■ **Try it**
Beginning with the line that has "dijual rumah green florencia calla" and ending with the line that has "picture 3 MAN", retype the entries below exactly, except for the pictures.

■ **Source data**
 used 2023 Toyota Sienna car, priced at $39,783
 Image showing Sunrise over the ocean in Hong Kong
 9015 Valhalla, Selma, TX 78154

---

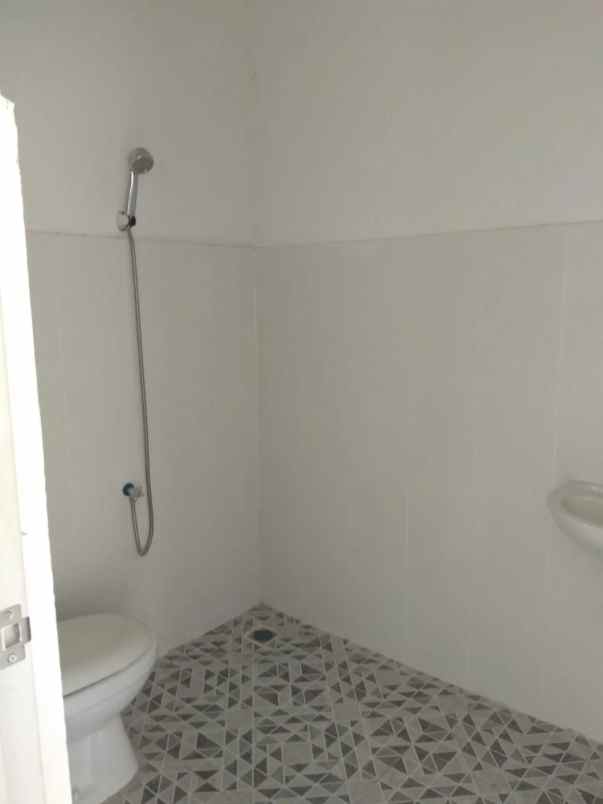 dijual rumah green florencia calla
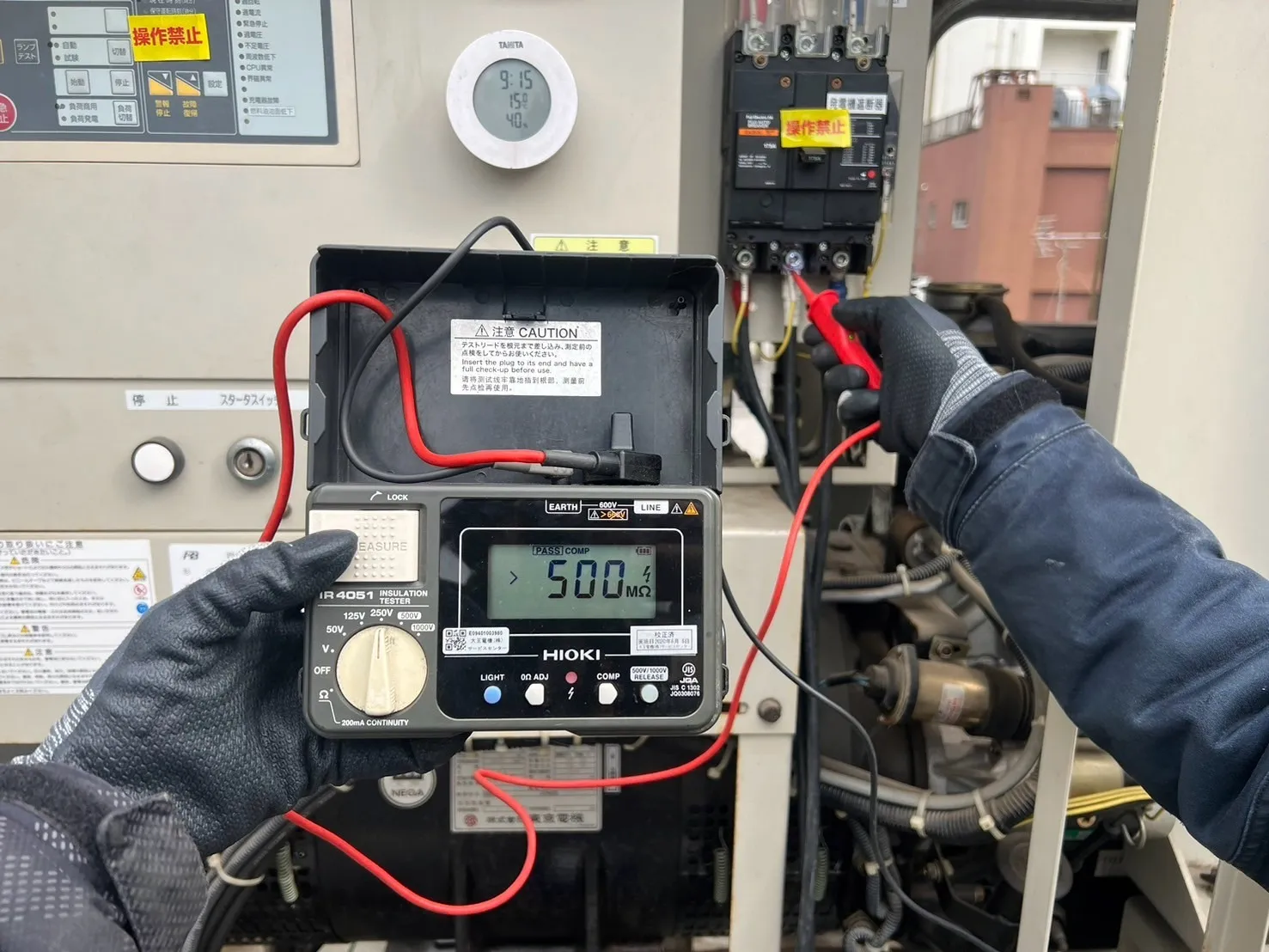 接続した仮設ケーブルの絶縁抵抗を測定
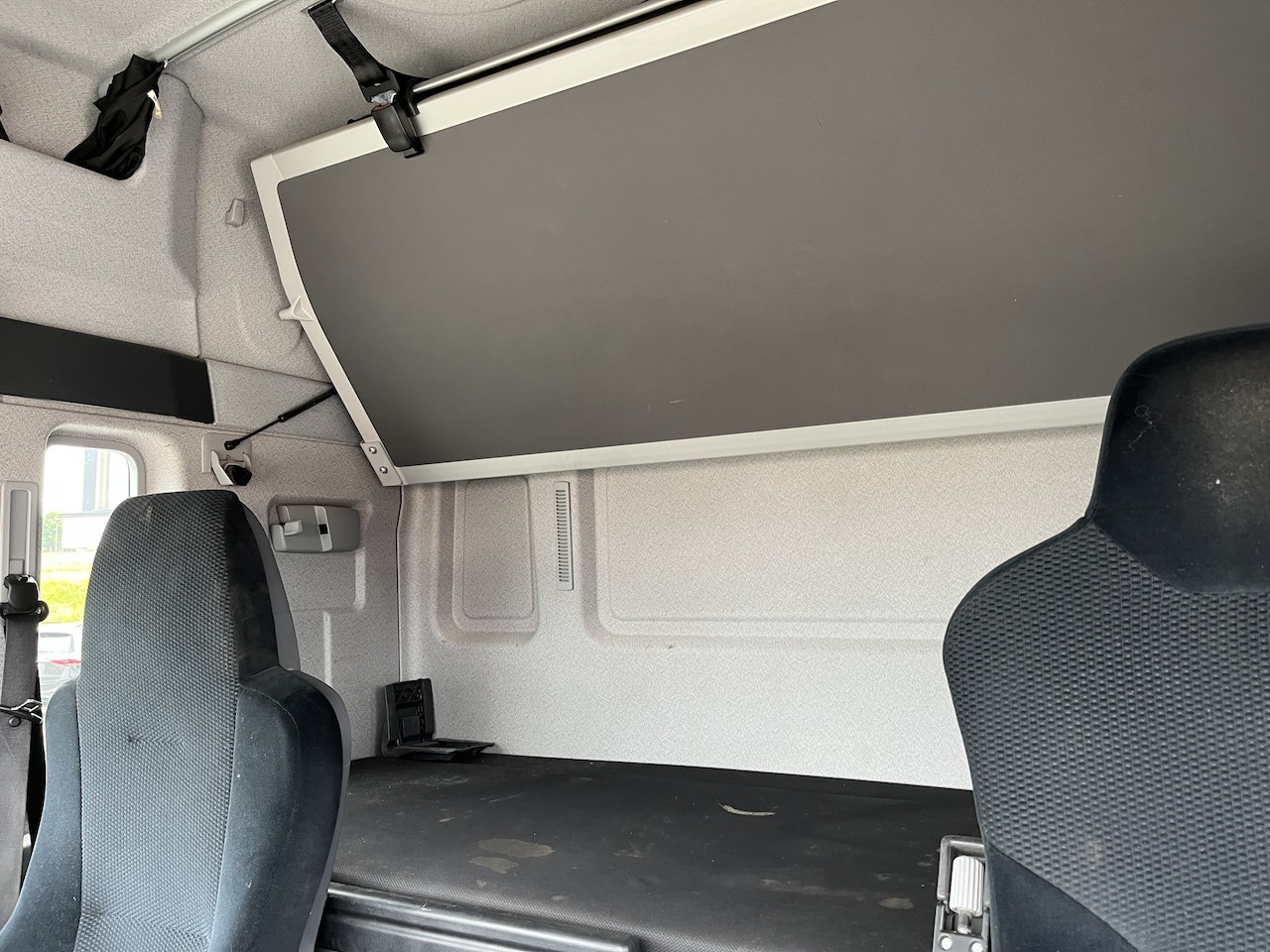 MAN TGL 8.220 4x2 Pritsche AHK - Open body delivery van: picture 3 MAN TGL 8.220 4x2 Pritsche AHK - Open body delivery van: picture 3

■ **Solution to the problem**
 dijual rumah green florencia calla
 接続した仮設ケーブルの絶縁抵抗を測定
 MAN TGL 8.220 4x2 Pritsche AHK - Open body delivery van: picture 3 MAN TGL 8.220 4x2 Pritsche AHK - Open body delivery van: picture 3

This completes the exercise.